- [Task goal]
Copy out all the records, word for word.

┌──

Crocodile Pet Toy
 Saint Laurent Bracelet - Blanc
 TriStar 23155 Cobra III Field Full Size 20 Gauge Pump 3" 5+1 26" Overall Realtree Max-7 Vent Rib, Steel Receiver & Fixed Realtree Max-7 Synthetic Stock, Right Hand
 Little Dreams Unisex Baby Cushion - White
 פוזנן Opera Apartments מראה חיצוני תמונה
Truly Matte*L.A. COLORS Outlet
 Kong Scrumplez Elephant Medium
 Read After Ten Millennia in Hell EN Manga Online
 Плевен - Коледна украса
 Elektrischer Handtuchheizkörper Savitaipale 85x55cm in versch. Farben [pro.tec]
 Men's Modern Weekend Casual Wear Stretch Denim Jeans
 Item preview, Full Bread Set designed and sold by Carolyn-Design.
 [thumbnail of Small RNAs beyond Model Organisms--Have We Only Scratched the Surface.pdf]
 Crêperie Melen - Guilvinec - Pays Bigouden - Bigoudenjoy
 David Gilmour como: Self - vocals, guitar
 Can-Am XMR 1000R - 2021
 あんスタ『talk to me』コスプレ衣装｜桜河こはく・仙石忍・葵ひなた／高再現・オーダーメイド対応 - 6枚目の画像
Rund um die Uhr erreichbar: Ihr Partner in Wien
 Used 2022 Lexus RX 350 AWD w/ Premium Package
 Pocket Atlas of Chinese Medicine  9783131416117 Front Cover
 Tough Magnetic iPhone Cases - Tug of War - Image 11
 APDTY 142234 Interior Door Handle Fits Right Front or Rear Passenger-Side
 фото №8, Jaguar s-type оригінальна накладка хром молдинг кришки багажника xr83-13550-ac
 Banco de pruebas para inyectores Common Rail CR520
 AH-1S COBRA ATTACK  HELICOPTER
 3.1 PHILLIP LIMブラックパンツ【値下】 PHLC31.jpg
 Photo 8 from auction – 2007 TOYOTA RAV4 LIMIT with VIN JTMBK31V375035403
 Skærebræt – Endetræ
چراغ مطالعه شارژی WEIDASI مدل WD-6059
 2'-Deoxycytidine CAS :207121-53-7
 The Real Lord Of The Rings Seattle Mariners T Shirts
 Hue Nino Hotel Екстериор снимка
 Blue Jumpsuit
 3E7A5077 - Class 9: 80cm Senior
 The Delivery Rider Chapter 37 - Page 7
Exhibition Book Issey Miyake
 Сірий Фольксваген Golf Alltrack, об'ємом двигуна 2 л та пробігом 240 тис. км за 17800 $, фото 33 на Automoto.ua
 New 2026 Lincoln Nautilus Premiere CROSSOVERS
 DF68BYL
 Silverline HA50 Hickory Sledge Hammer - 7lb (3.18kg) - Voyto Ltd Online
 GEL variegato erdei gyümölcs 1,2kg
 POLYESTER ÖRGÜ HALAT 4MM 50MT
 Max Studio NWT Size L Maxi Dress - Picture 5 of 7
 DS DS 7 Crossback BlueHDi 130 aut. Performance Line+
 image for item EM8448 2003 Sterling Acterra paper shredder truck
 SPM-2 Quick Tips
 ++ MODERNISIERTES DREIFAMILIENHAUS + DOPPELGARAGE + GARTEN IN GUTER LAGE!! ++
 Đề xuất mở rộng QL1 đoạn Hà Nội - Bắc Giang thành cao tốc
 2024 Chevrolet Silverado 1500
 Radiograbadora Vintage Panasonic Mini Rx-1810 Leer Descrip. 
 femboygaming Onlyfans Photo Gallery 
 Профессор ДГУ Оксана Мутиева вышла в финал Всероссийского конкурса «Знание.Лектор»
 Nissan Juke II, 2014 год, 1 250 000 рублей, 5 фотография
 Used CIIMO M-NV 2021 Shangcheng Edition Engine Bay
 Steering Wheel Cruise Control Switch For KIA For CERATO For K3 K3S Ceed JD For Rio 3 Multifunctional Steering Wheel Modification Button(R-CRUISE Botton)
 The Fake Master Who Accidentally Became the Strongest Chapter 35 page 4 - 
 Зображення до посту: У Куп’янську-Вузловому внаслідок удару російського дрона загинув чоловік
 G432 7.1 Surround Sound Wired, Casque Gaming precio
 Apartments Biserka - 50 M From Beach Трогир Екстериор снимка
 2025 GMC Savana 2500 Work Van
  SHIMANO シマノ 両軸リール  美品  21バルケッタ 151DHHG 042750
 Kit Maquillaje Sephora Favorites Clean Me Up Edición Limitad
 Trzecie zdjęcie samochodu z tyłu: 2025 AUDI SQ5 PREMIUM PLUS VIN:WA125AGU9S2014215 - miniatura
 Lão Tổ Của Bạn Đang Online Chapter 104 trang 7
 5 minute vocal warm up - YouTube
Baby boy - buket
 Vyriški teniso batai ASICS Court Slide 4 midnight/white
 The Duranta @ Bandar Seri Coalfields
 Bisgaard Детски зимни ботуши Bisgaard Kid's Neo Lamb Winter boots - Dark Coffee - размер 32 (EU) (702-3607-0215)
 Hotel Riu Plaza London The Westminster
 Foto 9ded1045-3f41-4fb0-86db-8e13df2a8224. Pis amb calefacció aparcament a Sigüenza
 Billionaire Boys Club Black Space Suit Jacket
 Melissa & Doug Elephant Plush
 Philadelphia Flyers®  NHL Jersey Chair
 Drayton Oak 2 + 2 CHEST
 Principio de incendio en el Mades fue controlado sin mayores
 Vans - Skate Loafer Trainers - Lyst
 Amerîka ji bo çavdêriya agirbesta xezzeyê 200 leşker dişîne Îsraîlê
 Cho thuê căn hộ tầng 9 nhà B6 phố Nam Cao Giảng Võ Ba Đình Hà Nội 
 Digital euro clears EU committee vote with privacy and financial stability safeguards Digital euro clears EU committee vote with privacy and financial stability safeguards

└──

- [Task output]
Crocodile Pet Toy
 Saint Laurent Bracelet - Blanc
 TriStar 23155 Cobra III Field Full Size 20 Gauge Pump 3" 5+1 26" Overall Realtree Max-7 Vent Rib, Steel Receiver & Fixed Realtree Max-7 Synthetic Stock, Right Hand
 Little Dreams Unisex Baby Cushion - White
 פוזנן Opera Apartments מראה חיצוני תמונה
Truly Matte*L.A. COLORS Outlet
 Kong Scrumplez Elephant Medium
 Read After Ten Millennia in Hell EN Manga Online
 Плевен - Коледна украса
 Elektrischer Handtuchheizkörper Savitaipale 85x55cm in versch. Farben [pro.tec]
 Men's Modern Weekend Casual Wear Stretch Denim Jeans
 Item preview, Full Bread Set designed and sold by Carolyn-Design.
 [thumbnail of Small RNAs beyond Model Organisms--Have We Only Scratched the Surface.pdf]
 Crêperie Melen - Guilvinec - Pays Bigouden - Bigoudenjoy
 David Gilmour como: Self - vocals, guitar
 Can-Am XMR 1000R - 2021
 あんスタ『talk to me』コスプレ衣装｜桜河こはく・仙石忍・葵ひなた／高再現・オーダーメイド対応 - 6枚目の画像
Rund um die Uhr erreichbar: Ihr Partner in Wien
 Used 2022 Lexus RX 350 AWD w/ Premium Package
 Pocket Atlas of Chinese Medicine  9783131416117 Front Cover
 Tough Magnetic iPhone Cases - Tug of War - Image 11
 APDTY 142234 Interior Door Handle Fits Right Front or Rear Passenger-Side
 фото №8, Jaguar s-type оригінальна накладка хром молдинг кришки багажника xr83-13550-ac
 Banco de pruebas para inyectores Common Rail CR520
 AH-1S COBRA ATTACK  HELICOPTER
 3.1 PHILLIP LIMブラックパンツ【値下】 PHLC31.jpg
 Photo 8 from auction – 2007 TOYOTA RAV4 LIMIT with VIN JTMBK31V375035403
 Skærebræt – Endetræ
چراغ مطالعه شارژی WEIDASI مدل WD-6059
 2'-Deoxycytidine CAS :207121-53-7
 The Real Lord Of The Rings Seattle Mariners T Shirts
 Hue Nino Hotel Екстериор снимка
 Blue Jumpsuit
 3E7A5077 - Class 9: 80cm Senior
 The Delivery Rider Chapter 37 - Page 7
Exhibition Book Issey Miyake
 Сірий Фольксваген Golf Alltrack, об'ємом двигуна 2 л та пробігом 240 тис. км за 17800 $, фото 33 на Automoto.ua
 New 2026 Lincoln Nautilus Premiere CROSSOVERS
 DF68BYL
 Silverline HA50 Hickory Sledge Hammer - 7lb (3.18kg) - Voyto Ltd Online
 GEL variegato erdei gyümölcs 1,2kg
 POLYESTER ÖRGÜ HALAT 4MM 50MT
 Max Studio NWT Size L Maxi Dress - Picture 5 of 7
 DS DS 7 Crossback BlueHDi 130 aut. Performance Line+
 image for item EM8448 2003 Sterling Acterra paper shredder truck
 SPM-2 Quick Tips
 ++ MODERNISIERTES DREIFAMILIENHAUS + DOPPELGARAGE + GARTEN IN GUTER LAGE!! ++
 Đề xuất mở rộng QL1 đoạn Hà Nội - Bắc Giang thành cao tốc
 2024 Chevrolet Silverado 1500
 Radiograbadora Vintage Panasonic Mini Rx-1810 Leer Descrip. 
 femboygaming Onlyfans Photo Gallery 
 Профессор ДГУ Оксана Мутиева вышла в финал Всероссийского конкурса «Знание.Лектор»
 Nissan Juke II, 2014 год, 1 250 000 рублей, 5 фотография
 Used CIIMO M-NV 2021 Shangcheng Edition Engine Bay
 Steering Wheel Cruise Control Switch For KIA For CERATO For K3 K3S Ceed JD For Rio 3 Multifunctional Steering Wheel Modification Button(R-CRUISE Botton)
 The Fake Master Who Accidentally Became the Strongest Chapter 35 page 4 - 
 Зображення до посту: У Куп’янську-Вузловому внаслідок удару російського дрона загинув чоловік
 G432 7.1 Surround Sound Wired, Casque Gaming precio
 Apartments Biserka - 50 M From Beach Трогир Екстериор снимка
 2025 GMC Savana 2500 Work Van
  SHIMANO シマノ 両軸リール  美品  21バルケッタ 151DHHG 042750
 Kit Maquillaje Sephora Favorites Clean Me Up Edición Limitad
 Trzecie zdjęcie samochodu z tyłu: 2025 AUDI SQ5 PREMIUM PLUS VIN:WA125AGU9S2014215 - miniatura
 Lão Tổ Của Bạn Đang Online Chapter 104 trang 7
 5 minute vocal warm up - YouTube
Baby boy - buket
 Vyriški teniso batai ASICS Court Slide 4 midnight/white
 The Duranta @ Bandar Seri Coalfields
 Bisgaard Детски зимни ботуши Bisgaard Kid's Neo Lamb Winter boots - Dark Coffee - размер 32 (EU) (702-3607-0215)
 Hotel Riu Plaza London The Westminster
 Foto 9ded1045-3f41-4fb0-86db-8e13df2a8224. Pis amb calefacció aparcament a Sigüenza
 Billionaire Boys Club Black Space Suit Jacket
 Melissa & Doug Elephant Plush
 Philadelphia Flyers®  NHL Jersey Chair
 Drayton Oak 2 + 2 CHEST
 Principio de incendio en el Mades fue controlado sin mayores
 Vans - Skate Loafer Trainers - Lyst
 Amerîka ji bo çavdêriya agirbesta xezzeyê 200 leşker dişîne Îsraîlê
 Cho thuê căn hộ tầng 9 nhà B6 phố Nam Cao Giảng Võ Ba Đình Hà Nội 
 Digital euro clears EU committee vote with privacy and financial stability safeguards Digital euro clears EU committee vote with privacy and financial stability safeguards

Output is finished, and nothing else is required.